日本はやっぱり90年代末にハイスタが爆売れして始まったメロコアブームとか、ゴイステとかの青春パンクだったりのイメージが強いと思う。
もっと前ならスターリンとかINUとか、誰でも知ってるような有名どころを上げるならブルーハーツかな?
海外でもポップ・パンクとか、お前らパンクなん?って思うバンドもいるニューヨーク・パンクとかの1つのブーム、あるいはムーブメントを起こしたバンドは多いが、やっぱりSex Pistolsから始まるロンドン・パンクのイメージが1番強いと思う。自分もそう。
今回はそんなロンドンパンクムーブメントから現れた変人集団 XTCの1stアルバム White Musicのお話
当時のパンクって…なんかこう…モヒカンとか…ツンツン頭とか…そんなんじゃなかったっけ…?
まあルックスなんか別にどうでもいいんです。
イギリス国内外問わず後世のバンドに大影響を与えたあのXTCの1stアルバムやぞ!
全国のパンクス兄貴達は人生で初めてAV見たときぐらいドキドキしながら聴いてください。
(*´艸`)ドキドキ
#1 Radios In Motion
いや〜パンクですね〜
シンプルなリズム隊に荒々しいギター、捲し立てるようなボーカル。パンクのお手本みたいな曲だと思います。
これには訓練されたパンクス兄貴達も思わずニッコリなのではないでしょうか。
これは次の曲にも期待できるぞ!テンション上がってきたな!髪立てよか!服破いて安ピンで止めよか!

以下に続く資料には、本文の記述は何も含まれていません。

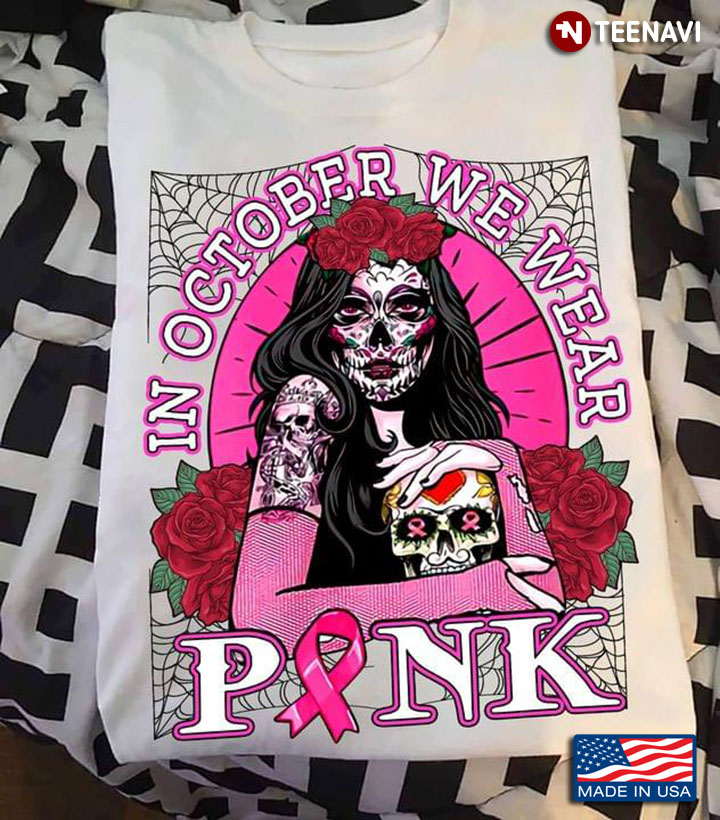 In October We Wear Pink  Skull Girl Breast Cancer Awareness Halloween T-Shirt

なんか鍵盤の音鳴ってるような気するけどたぶん気のせいやろ!パンクスは鍵盤など弾かぬ。
#2 Cross Wires
パン…ク…?
まあパンクバンドだってちょっと凝った曲やることなんか全然あるやろ!
ギターがカッティングとか単音で奇妙なフレーズ弾いてたりするけど全然パンクの範疇だと思います。ドラムとかめっちゃシンプルやし
え…?鍵盤のソロがある…?
#3 This Is Pop?
This Is Punk?(タイトル回収)
俺の知ってるパンクじゃない…少なくともこの年代のパンクのイメージからはかけ離れてる。
なんならロンドン・パンク収束後に勃興するポスト・パンクサウンドに近い。
でも、よく考えてみてほしい。
二言目にはアナーキストだとか反政府だとか左向いて叫んでた当時のパンクバンドを尻目にヘンテコポップな音楽を奏でてThis Is Pop?(なんで疑問形なん?自信持てや)とか歌ってるバンドってめちゃくちゃパンクじゃない??
音楽性よりも精神性を重視するパンクというジャンルで語るなら、自分はそうだと思います。
#4 Do What You Do
これはパンク
ただ勢い重視の曲の中にも、凝ったギターフレーズや、鍵盤との掛け合いになっているソロパートなど、趣向を凝らしている。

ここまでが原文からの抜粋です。